The debate over whether the Net is good or bad for us fills the airwaves and the blogosphere. But for all the heat of claim and counter-claim, the argument is essentially beside the point: it’s here; it’s everywhere. The real question is, do we direct technology, or do we let ourselves be directed by it and those who have mastered it? “Choose the former,” writes Rushkoff, “and you gain access to the control panel of civilization. Choose the latter, and it could be the last real choice you get to make.” In ten chapters, composed of ten “commands” accompanied by original illustrations from comic artist Leland Purvis, Rushkoff provides cyberenthusiasts and technophobes alike with the guidelines to navigate this new universe.

In this spirited, accessible poetics of new media, Rushkoff picks up where Marshall McLuhan left off, helping readers come to recognize programming as the new literacy of the digital age––and as a template through which to see beyond social conventions and power structures that have vexed us for centuries. This is a friendly little book with a big and actionable message.
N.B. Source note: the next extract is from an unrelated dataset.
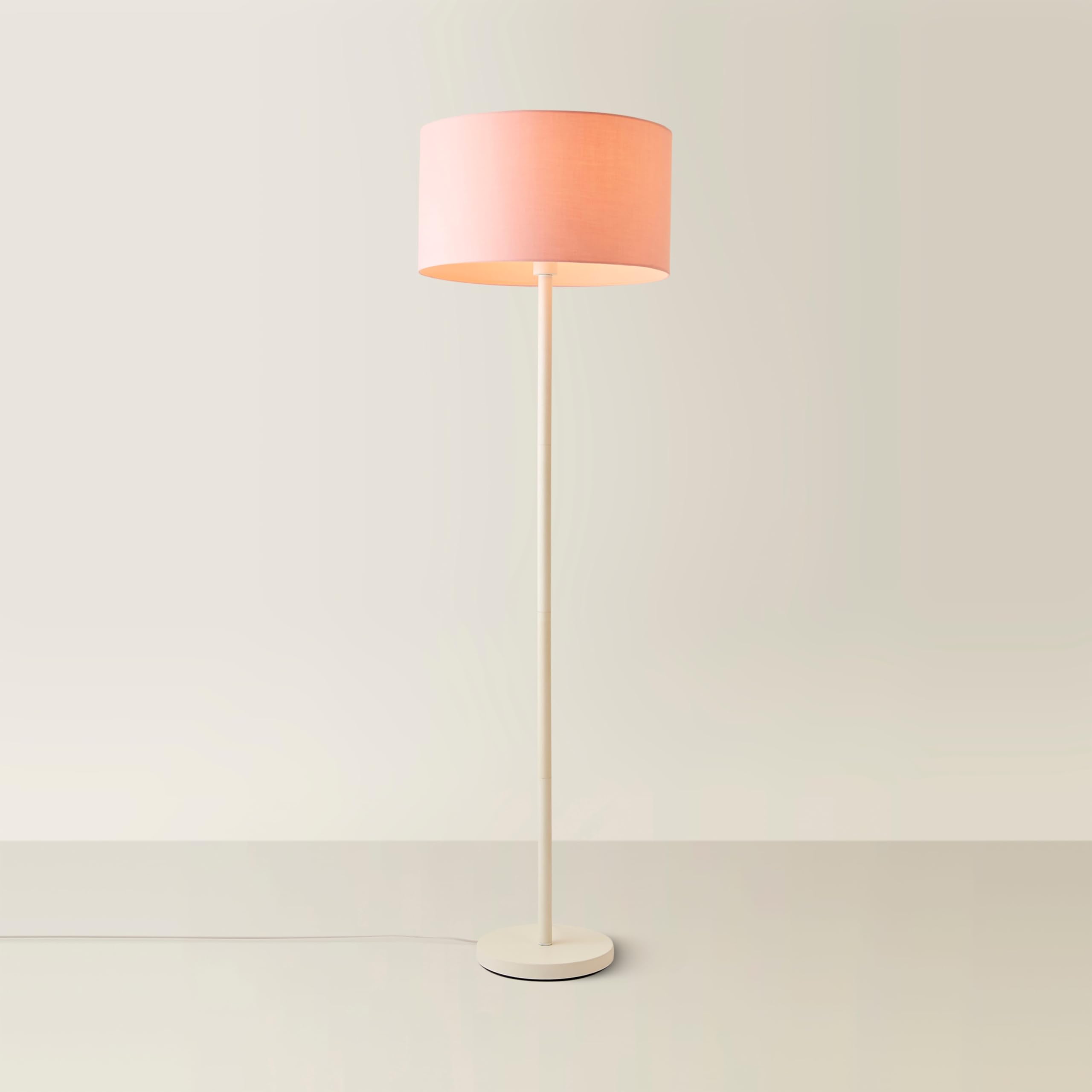 Valuelights Charles White Floor Lamp With Blush Drum Shade from B&Q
World-renowned media theorist and counterculture figure Douglas Rushkoff is the originator of ideas such as “viral media,” “social currency” and “screenagers.” He has been at the forefront of digital society from its beginning, correctly predicting the rise of the net, the dotcom boom and bust, as well as the current financial crisis. He is a familiar voice on NPR, face on PBS, and writer in publications from Discover Magazine to the New York Times.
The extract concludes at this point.